Positive leadership and increased engagement are key to improving medication error reporting across the world, a study has found.
The two-year, international project, funded by the Qatar National Research Fund, explored aspects of medication error reporting from the perspectives of healthcare professionals and those in positions of power and influence.
The research was conducted in three phases. First the researchers explored aspects of safety culture among health professionals, including concerns over non-punitive responses to medication errors and levels of staff during evenings and weekends.
Then the team focused on the barriers that existed against healthcare workers reporting errors and found that one of the key barriers related to emotional factors, for example, some workers would consider the impact of reporting on career progression and professional reputation.

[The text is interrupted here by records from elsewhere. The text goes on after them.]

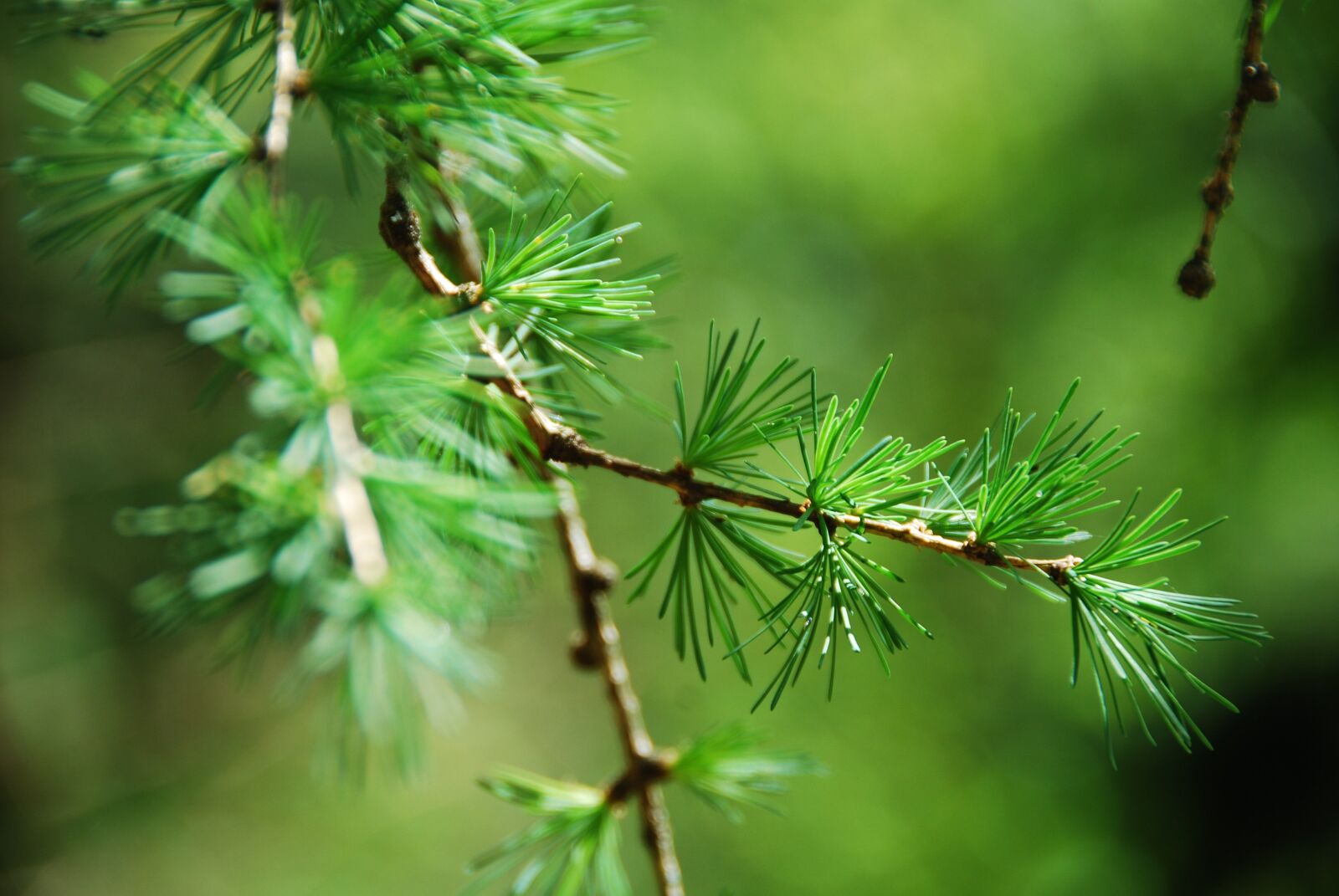 Nikon D80 sample photo. Larch, needles, close up photography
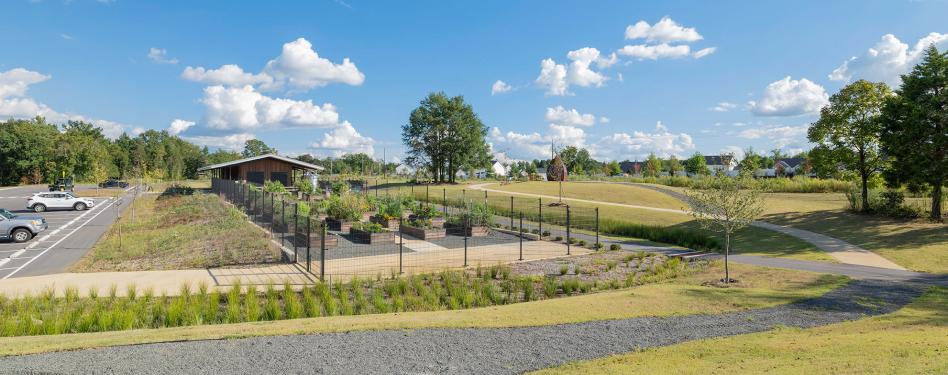 A community garden in a large park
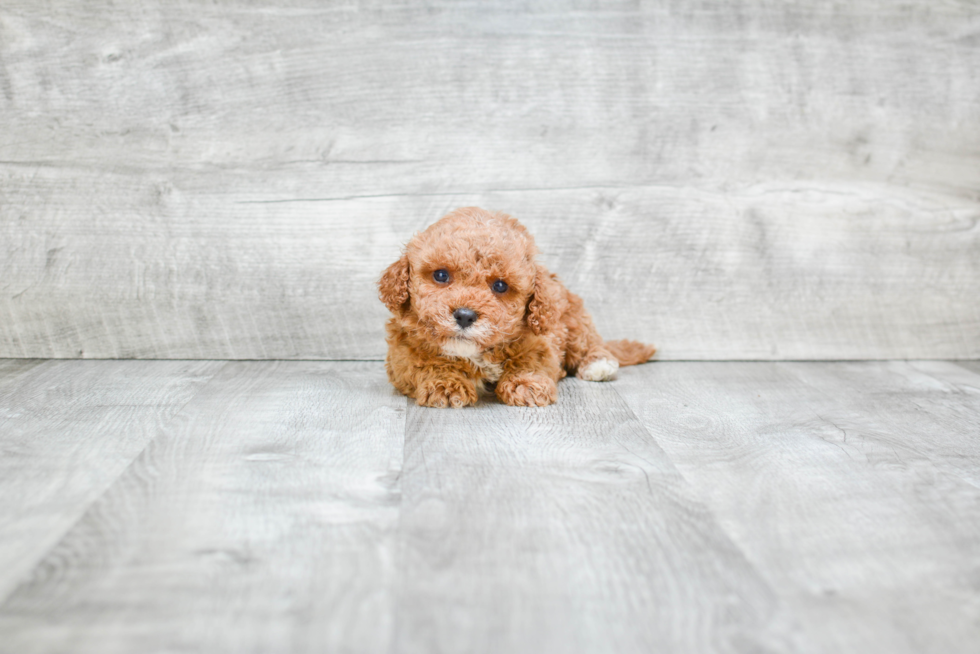 Happy Cavapoo Baby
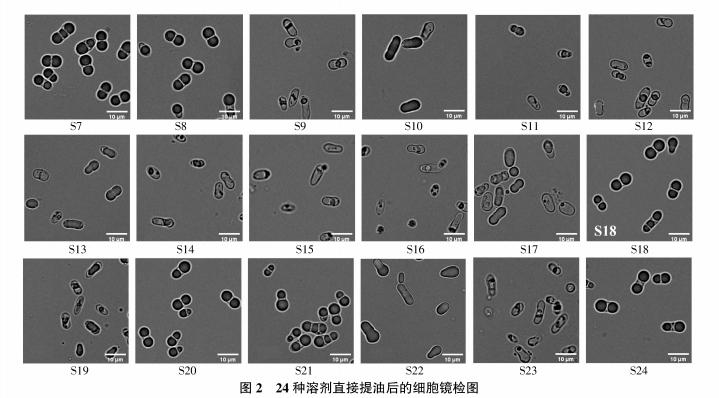 发酵液的提取常用方法,发酵液提取分离的主要方法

Finally, the team interviewed decision-makers in the areas of policy, healthcare practice and education to gather their thoughts on the outcomes of the first two phases of the study.
Understanding the issues
Derek Stewart, who presented the findings at the 4th Qatar International Pharmacy Conference in Doha, explained that splitting the research into three parts enabled the team to understand the feelings of individuals working with medication every day as well as discussing measures with those in power.
“Concerns around medication error and safety are common worldwide and it is not only important to understand why but to discover what those working in and around healthcare believe will improve matters,” he said.
“While this two-year study has uncovered some enlightening results, which we believe a lot of good can come from, we are now planning a follow-up study to examine the situation in even greater detail.”
Sarah Slight, a reader in pharmacy practice at Newcastle University and associate editor for the Journal of Patient Safety, said health information technologies were important to consider when it came to reducing medication errors.
“There are different types of errors, and it is important to put electronic systems in place to help identify and prevent these errors from occurring,” she said.
New NHS reporting system
Also looking at ways to improve error reporting, the Community Pharmacy Patient Safety Group, which is made up of community pharmacy medication safety officers across the sector, is helping to test and design a new reporting and learning system for the NHS as part of the Development of the Patient Safety Incident Management System (DPSIMS) project.
Over the next three years NHS Improvement is working closely with stakeholders to provide resources to support safety improvement by way of the DPSIMS project.
The new system will succeed the current National Reporting and Learning System (NRLS), which NHS Improvement says is more than 13 years old and due for an upgrade.
It will aim to meet both local and national needs in terms of accessibility to both staff and patients/carers; integrate with other systems; strike a balance of confidentiality and transparency; and support an open and honest NHS culture devoted to continuous learning and improvement of patient safety.
Anyone interested in informing the development of this project can take part in a survey which is open until the end of January 2018.